I was able to boot in to 922Mhz and 938Mhz, but was unable to complete and serious testing. Adjusting the timings and voltages seemed to kick up a bit more heat than the chipset heat sink could handle. What this does is show the memory's ability to be more than just a sticker.
 

800 @ 4-4-4-12 @ 2.0v

830 @ 4-4-4-12 @ 2.1v

868 @ 4-4-4-12 @ 2.2v

906 @ 4-4-4-12 @ 2.3v

800 @ 4-4-4-12 @ 2.0v

830 @ 4-4-4-12 @ 2.1v

868 @ 4-4-4-12 @ 2.2v

906 @ 4-4-4-12 @ 2.3v

   Again, these results were obtained simply using the four main BIOS options to overclock: CPU Multiplier, HT Multiplier, Memory and CPU Voltages. Interestingly, the latest revision of Nvidia NTune Control Panel brought nearly the same exact overclocking results adjusting the same four settings repeatedly.

Some 4-4-4-12 memory has been known to run 3-4-4-12, which was not the case with this G. Skill memory. However, a timing of 4-4-3-12 would operate normally and perfectly stable, but only afforded a very, very small benchmark difference if any.
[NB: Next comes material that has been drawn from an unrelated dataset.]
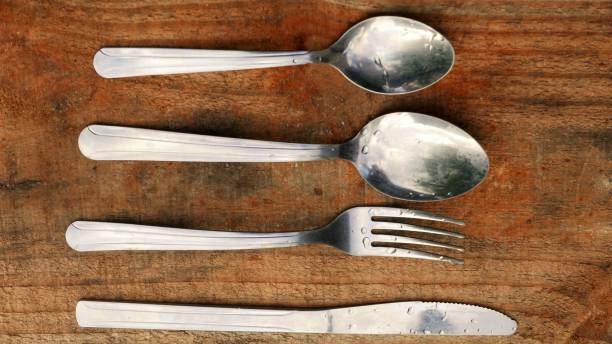 istock Food and Kitchen: cutlery on the table. Tableware, close-up shot. Silverware on the table 1497746637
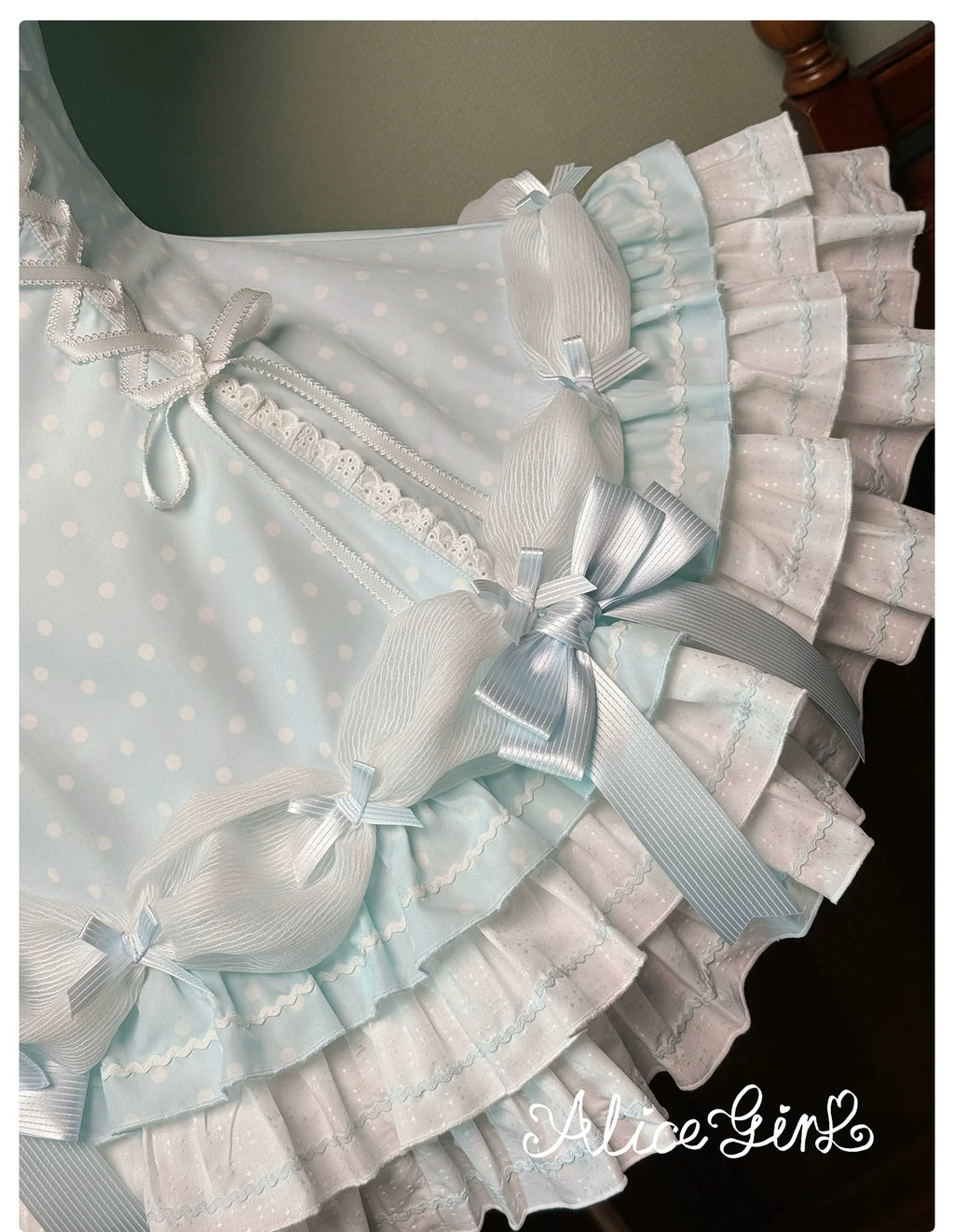 Old School Lolita Halter Neck OP Dress, Polka Dot Accent - image 43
The memory would even overclock to 850Mhz, but couldn't achieve anything higher. At this point, it simply doesn't pay off to use these timings unless you plan to keep your system stock. Your motherboard may also prevent you from using these settings as well.


Summary:

   What do we think of this 2GB PC 6400 Kit that can be found for $199.00? There is really nothing bad to say about this memory. The kit is only rated to 800Mhz at 4-4-4-12 timings, but held up to 900Mhz with typical voltage changes. A few forums indicate others have had success a little above 900Mhz with much more in depth voltage adjustments as well as having a better chipset heat sink and CPU cooler to handle the heat.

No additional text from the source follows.